First release of the fork under the net.ladenthin:llama Maven coordinates. ~100 merged pull requests since baseline 49be664 (the last pre-fork upstream commit).

Added

  • First publish to Maven Central under net.ladenthin:llama.
  • Pre-built native libraries for Linux (x86-64, aarch64), macOS (x86-64, arm64), and Windows (x86-64, x86).
  • Java API surface: LlamaModel, ModelParameters, InferenceParameters, LlamaIterator / LlamaIterable for streaming, chat completion (chatComplete, generateChat, chatCompleteText), embeddings, reranking, infilling, raw JSON endpoint handlers, slot management (saveSlot, restoreSlot, eraseSlot), and getModelMeta().
  • chatComplete() for OpenAI-compatible chat completions, re-implemented from scratch based on a patch by @vaiju1981 (PR #61; see docs/history/CHAT_INTEGRATION_SUMMARY.md).
  • mmproj, reasoning-budget, sigma, and sleep-idle parameters added to ModelParameters.
  • JaCoCo code-coverage reporting integrated with Coveralls and Codecov (PR #124).
  • CodeQL static-analysis workflow on push, PR, and a weekly schedule.
  • Automated Claude Code review workflow on pull requests.
  • Dependabot for Maven and GitHub Actions dependency updates.
  • Automatic snapshot release workflow on main push (PR #105) publishing to the Sonatype Central snapshot repository.
  • CUDA, Metal, and Vulkan build support via local CMake build.
  • Android integration documented in README.
  • All system properties (net.ladenthin.llama.*) and LogLevel values documented.
  • CLAUDE.md maintainer guide covering upstream upgrade procedure and the b5022→b9172 breaking-change table.

Changed

  • Migrated Maven group and artifact from de.kherud:java-llama.cpp to net.ladenthin:llama (PR #101).
  • Migrated Maven Central publishing from OSSRH (Legacy) to the Sonatype Central Publisher Portal.
  • Deleted the hand-ported server.hpp fork (~3,780 lines) and linked the upstream llama.cpp server source files directly into jllama. ~4,100 C++ lines removed in total; future upstream upgrades become a CMake version bump. The Java API is unchanged. See docs/history/REFACTORING.md.
  • Compiled upstream server-context / queue / task / models directly into jllama (PR #96).
  • Unified CI into a single publish.yml workflow with cross-compilation, testing, coverage, and release stages.
  • Upgraded CUDA from 12.1 to 13.2 (PR #50).
  • Upgraded llama.cpp from b8913 through b9106 across multiple incremental upgrades.
  • setDraftMax / setDraftMin now emit the canonical --spec-draft-n-max / --spec-draft-n-min flags (llama.cpp b9016 removed the old aliases).
  • Bumped CI GitHub Actions: actions/checkout v4 → v6, actions/upload-artifact v6 → v7, actions/download-artifact v6 → v8, codeql-action v3 → v4.

Fixed

  • Javadoc warnings resolved across the public API by adding missing comments.
  • cache_idle_slots slot-parameter handling aligned with the upstream rename (b8841 → b8854).

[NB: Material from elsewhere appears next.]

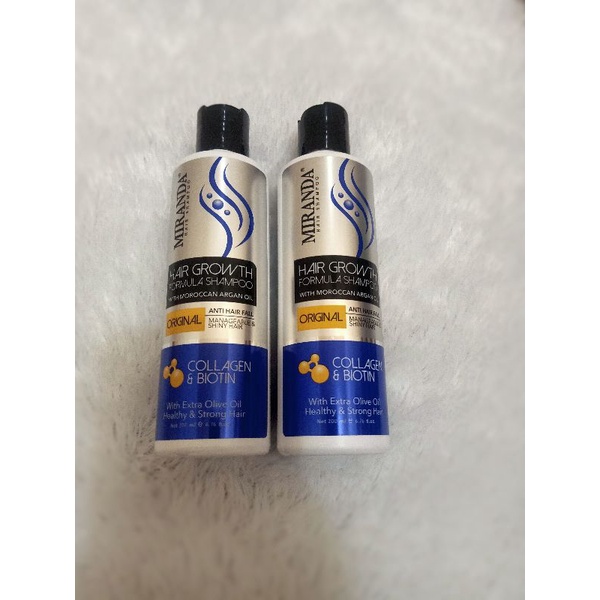 MIRANDA COLLAGEN & BIOTIN SHAMPOO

Pre-fork history (kherud/java-llama.cpp 1.x–4.2.0)

Releases 1.1.1 through 4.2.0 were authored by @kherud on the upstream repository. The full upstream release notes are at https://github.com/kherud/java-llama.cpp/releases. The fork's baseline is upstream commit 49be664 (tagged v4.2.0, 2025-06-20).

For an architecture-level diff between the pre-fork baseline (49be664) and the first 5.0.0 candidate (24918e4), see docs/history/49be664_24918e4.md. For the server-fork-deletion refactor that culminated in 5.0.0, see docs/history/REFACTORING.md. For the chat-completion integration that landed in 5.0.0, see docs/history/CHAT_INTEGRATION_SUMMARY.md.